The Methodist Church Davao Episcopal Area in their pastoral statement urged both government and the NDF to resume talks.

“We strongly urge the President to intervene towards the attainment of a just and lasting peace over the land.  We also call the GPH and the National Democratic Front of the Philippines (NDFP) to resume the stalled peace talks to address these problems that affect innocent civilians,” they said.

Methodist Church leaders Bishop Ciriaco Francisco and the conference co-chair Reverend Camilo Balgona Jr and Vilma Ariola, raised that mining interests in the Manobo territory in the Pantaron Range, a rich-forest in the border of Davao del Norte and Bukidnon, was the reason for the recent military operations.
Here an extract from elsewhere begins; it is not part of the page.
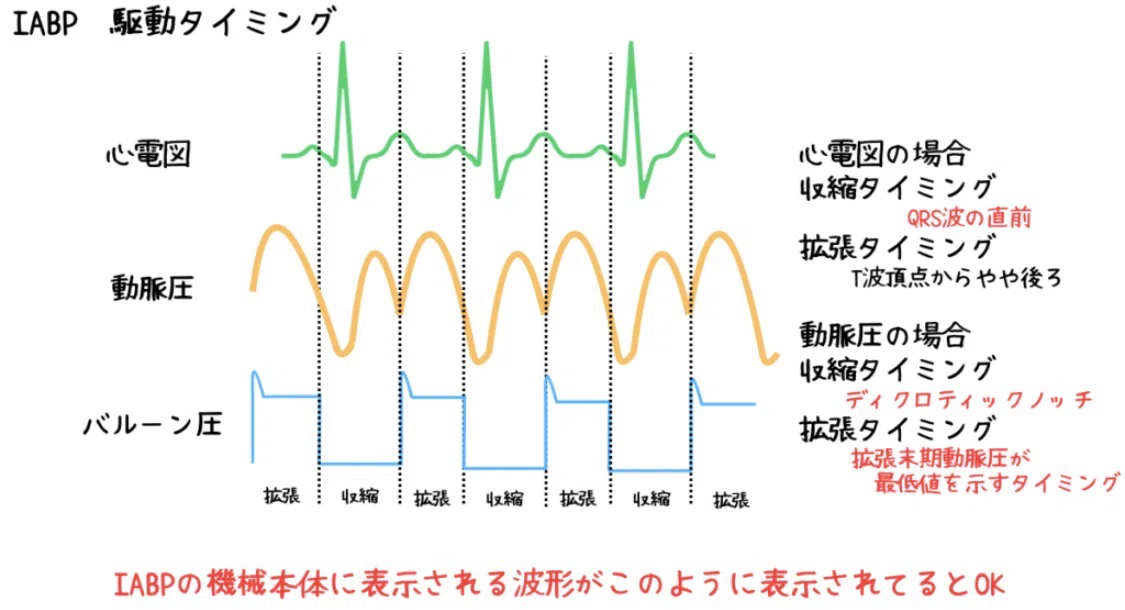 保存版 IABPが10倍楽しくなる 波形とタイミングの全知識 komatsu yuusuke CE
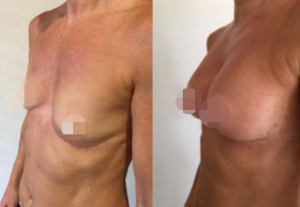 Breast Augmentation CosMediTour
“It is apparent to the community leaders that there is a growing interest to mine in one of the remaining forest areas in Mindanao, the Pantaron Range that covers the mountains of Bukidnon, Davao del Norte, Davao City, Agusan Provinces. This Mountain range has been protected for 20 years because our indigenous brothers and sisters successfully defended their right to this land,” their statement read.

The Pantaron Mountain Range has been identified by biologists as one of the few remaining biodiversity corridors with old growth forests and hosts major Mindanao river systems such as the Pulangi River, Lasang and Davao River.

Mindanews reported as early as 2008 that various firms have applied for mining explorations in Bukidnon but were opposed by church and local officials. A government highway project also cuts through a portion of Pantaron, allegedly a farm-to-market road, but the Malabalay Diocese raised doubts saying the road is intended as a mining highway.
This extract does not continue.